Politicians, who have the imagination to become dream merchants of the populace, are the only ones who know the significance of economic planning.
In most countries, the planning commission or minister, are given the highest of importance —where is our ‘Planning Commission’? Does it have any recognisable claim for initiating or putting together long-term thinking!
We, as a nation possess the talent. It is regrettably the lack of ability of politicians to put to best use the available proficiency in many fields. History proves we are good only in placing square pegs in round holes. The consequence of this approach is before us.
Recently, to our collective chagrin we saw footages of our youth resorting to violence; they vandalised public and private assets; including killing law enforcers. Were these youth educated or uneducated? Possibly educated, so why this expression of frustration? This is a direct consequence of the economy’s inability to be absorptive of the young and available workforce. Employment opportunities are not in step with the number of youth wanting a share in the limited job market. Unemployment, which is a direct consequence of economic policy, begets social unrest and violence.
The annual budgets of revenue and expenditure are the only focus of this country. The budget season attracts more discussion and parlays on the short-term goals, than an economic plan. The short-sightedness of politicians must be repelled with long-term economic vision.

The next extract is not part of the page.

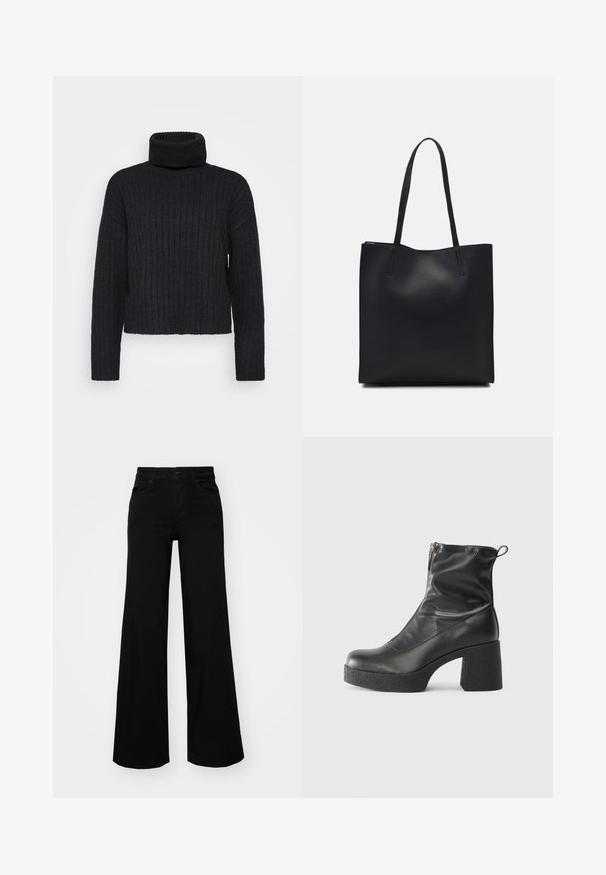 Black, ribbed knit turtleneck sweater with long sleeves and a relaxed fit. Features a high, folded collar and textured fabric.; Black wide-leg pants made of denim, featuring a structured waistband, belt loops, and front pockets. Smooth texture with a classic design.; Black ankle boots made of smooth leather, featuring a side zipper, chunky textured heel, and rounded toe design.; Black leather tote bag with smooth texture, rectangular shape, and two long handles. No visible hardware or embellishments.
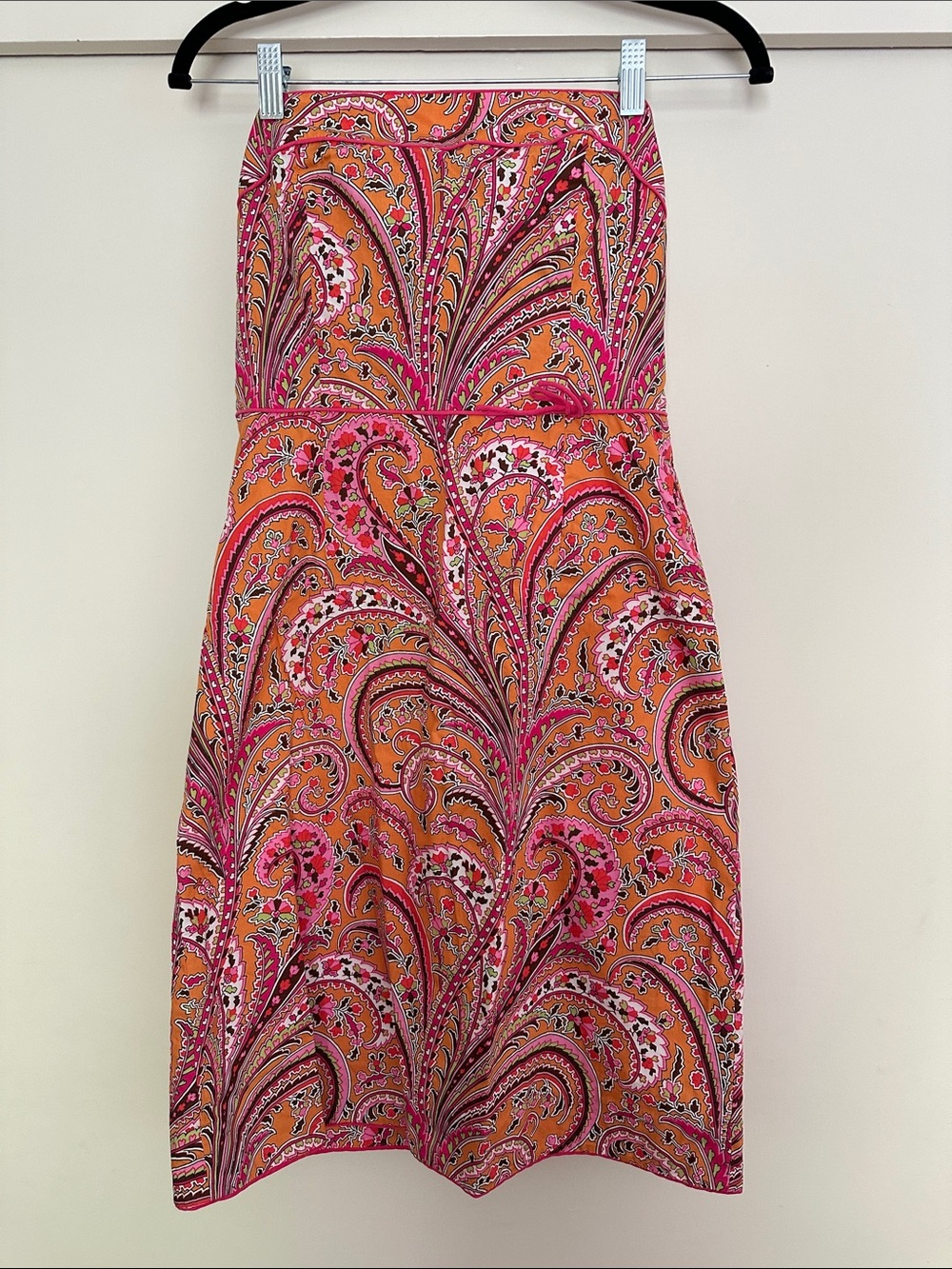 J. Crew Pink and Orange Paisley Midi Dress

The need for framing policies that promote attracting trade and investment opportunities from beyond country’s frontiers is today critically important. We have seen the NE Asian and SE Asian newly industrialised countries emerge as a result of their economy being directional towards, an export-oriented policy making. In 1952, Adlai Stevenson, the American politician conveyed this thought and crafted it wholesomely, “It is not possible for this nation to be at once internationalist and economically isolationist.” This is just as insane as asking “one Siamese twin to high dive while the other plays the piano”.
Leadership's quality is judged by those who are chosen to surround itself. The current leadership at Islamabad conveys more confusion than confidence, about its economic charter. All hopes now are hinged on the new FM. Wishing him the very best for nation's sake than anything more.